Our work contributes (1) mflowgen

, an open-source (m)odular (flow) (gen)erator with a flow consistency and instrumentation layer and mechanisms to reuse code across different designs and technologies, as well as rapid and early feedback on inconsistent composition; (2) a common reusable library of over forty technology- and design-agnostic modular nodes for both commercial and open-source tool flows

111 https://github.com/mflowgen/mflowgen ; and (3) a detailed evaluation of physical design flows for silicon prototypes in TSMC16, TSMC28, TSMC40, SKY130, and IBM180 technologies, demonstrating the potential for significant code reuse in future flows.

Ii System Goals

In this section, we overview the overarching design goals and principles that motivate our approach for physical design flows to maximize the potential for significantly reducing design effort.

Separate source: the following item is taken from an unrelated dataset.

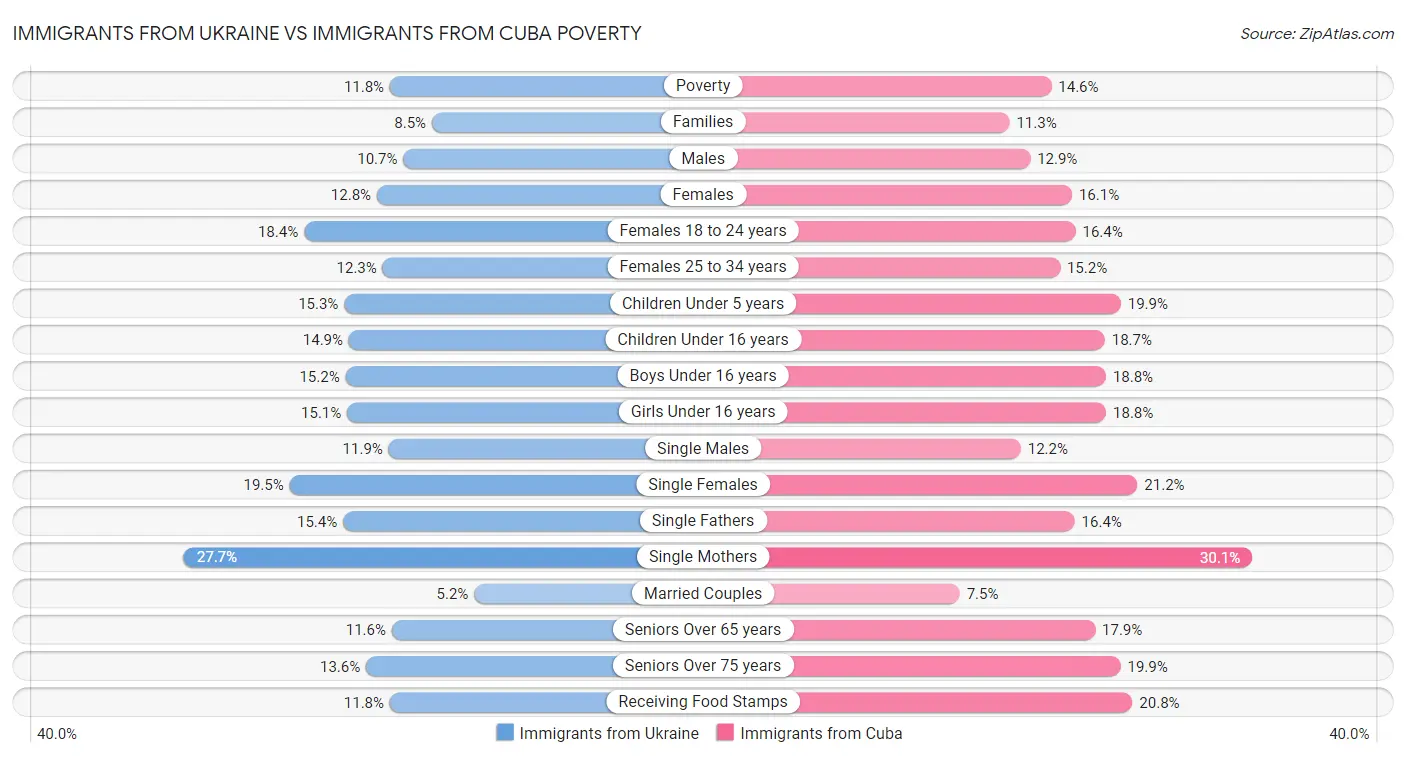 Immigrants from Ukraine vs Immigrants from Cuba Poverty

Goal 1: Must achieve significant code reuse – Complex physical design flows require a tremendous effort to build. Building a different but similarly complex design will again require a similar effort. As a result, meaningfully reducing design effort will likely require that most of the physical design flow be reused. Three key design principles follow from this requirement to achieve significant code reuse. First, it is important to capture not only coarse-grain code reuse like most existing approaches (e.g., synthesis, place, route) [synopsys-solvnet-web, wang-hammer-isqed2020], but also fine-grain reuse (e.g., glue scripts, reporting and analysis, generator wrappers). Second, we must support a mechanism to tweak reusable code since small changes should not preclude reuse. Third, the friction to design for reuse must be low to encourage the widespread adoption necessary for success.

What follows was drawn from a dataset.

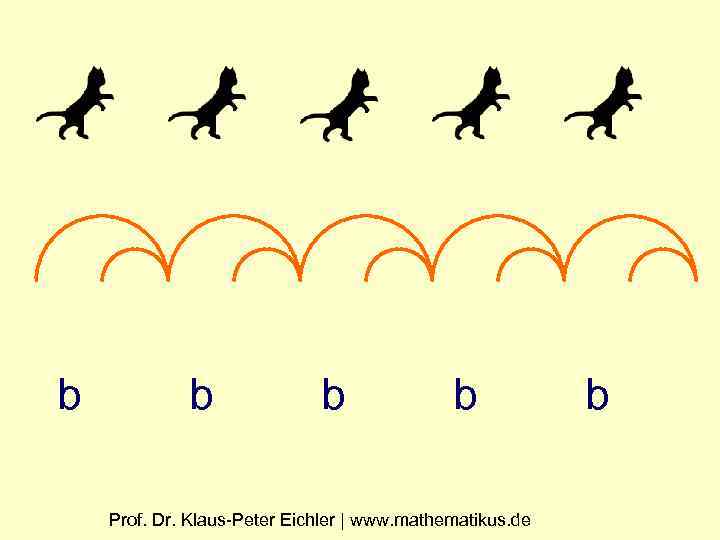 b b Prof. Dr. Klaus-Peter Eichler | www. mathematikus. de b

Goal 2: Composition must support code from different designs and different technologies – Physical design flows are aggressively specialized for specific designs and technologies (recall the “one big release” culture), and there is no avoiding this fundamental need. However, design-specific flow code can feasibly be reused across technologies (e.g., a tile-based array floorplan). Technology-specific flow code (e.g., DFM) can similarly be reused in neighboring blocks of the same design. Two key design principles follow from the requirement to support such reuse. First, our approach must support a mechanism for checking composability and consistency and a shared language for expressing requirements. Second, we must require a static code analysis approach because code fragments in a physical design flow are distributed across tools and files and not in memory at the same time.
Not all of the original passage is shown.